Meet Anthony “Ant”…
Going to the board of prison terms is a paradox of feeling and emotions. My mentors tell me to be truthful and you will be fine, but when you do tell the truth it gets questioned.
Five of us put our lives on the line to clean up areas after men who test positive for COVID. We are part of a special COVID strike team, on-call, 24-hours a day.
I love working and it’s a way for me to give back to my community, the staff and the men in blue, yet it comes at a big cost. Working in the hospital is nice at times, I personally believe that the nurses are doing the best they can under the circumstances.
Recently, I was informed that every move that we make is made by some outside people that have never worked in a prison, which is ridiculous in my opinion. Things are constantly changing which creates a headache for the staff, which makes it worse for us. It has been taking up all of my time which I should be devoting to my upcoming parole board hearing.
Stress, depression, anxiety, gratefulness, hopeful, gratitude, and humbleness. These are just some of the feelings I’m having while preparing for the board to see if I am found suitable to go home.
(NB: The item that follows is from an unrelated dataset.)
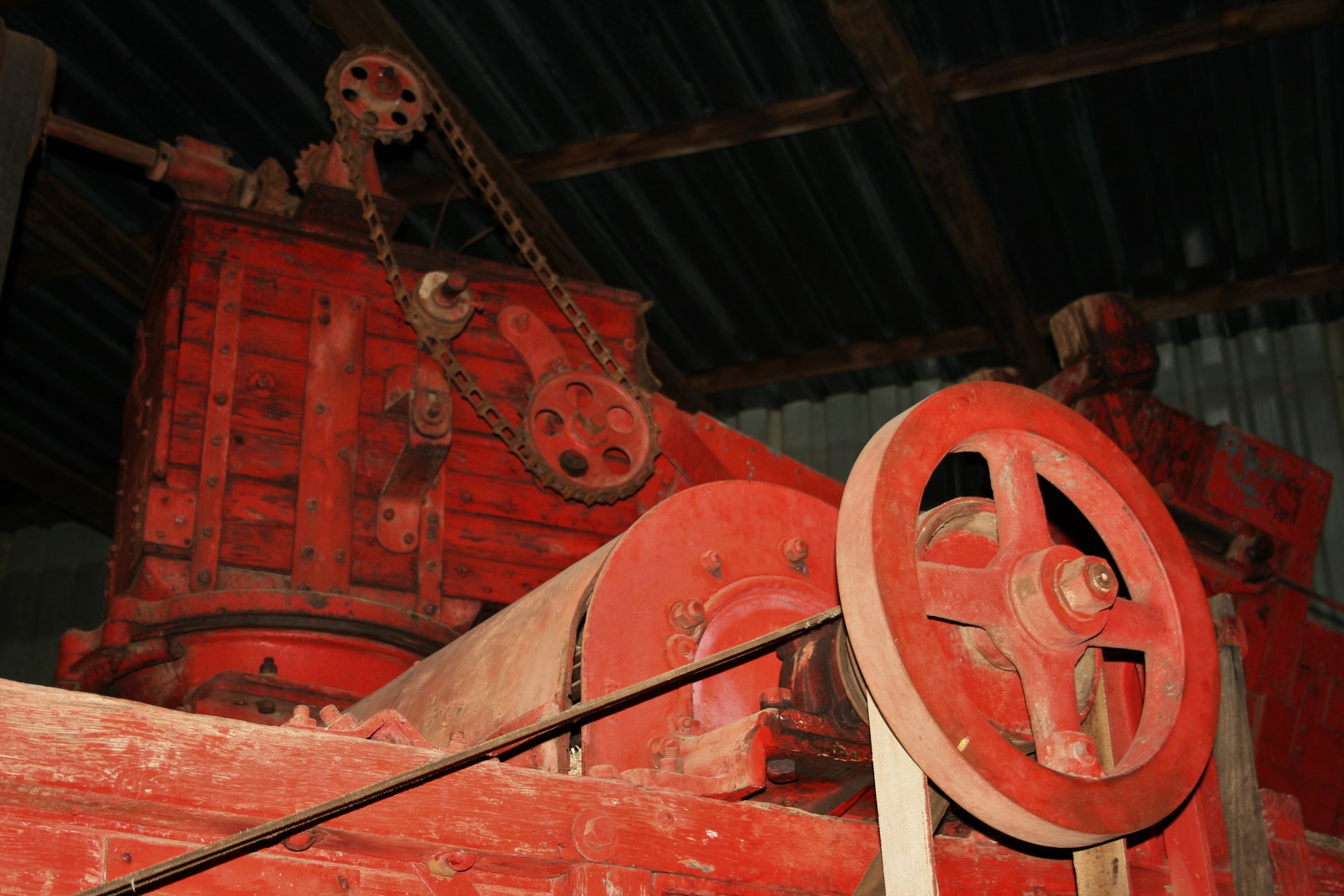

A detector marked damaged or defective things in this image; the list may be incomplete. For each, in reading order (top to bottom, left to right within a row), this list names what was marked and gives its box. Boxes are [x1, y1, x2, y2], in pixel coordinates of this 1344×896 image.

rusty chain link [328, 47, 658, 505]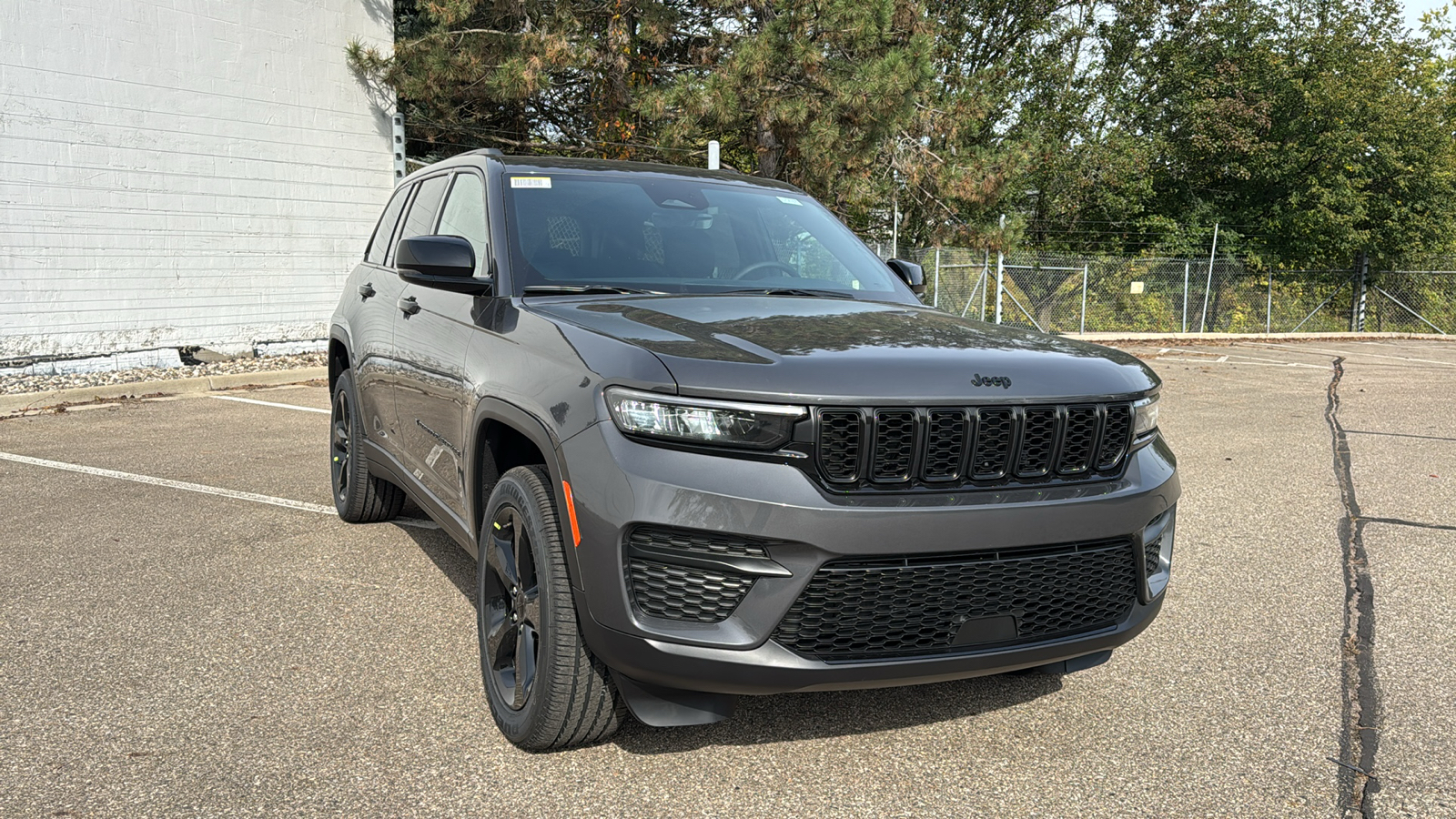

I can’t have any write-ups on my record and I’m walking into the hearing with one. I got it for getting on the payphone to call my mom. I could not sign up for the phone that day because I had worked a 14 hour day, plus I had cleaned ten cells for people who had tested positive for COVID. So I wanted to hear my mother’s voice, that voice that’s comforting, that voice that will tell me it’s going to be ok.
Now I’m consumed with worry that the board won’t see how I’ve changed since I was 16 years old and how I am accountable and responsible. I do understand that they are the gatekeepers and need to be sure that the person they are letting out will not harm anyone ever again. Still, I personally find it stressful going through the process and I’m scared. It’s a roller coaster of a journey. Still, I feel good about my chances of being found suitable to go home.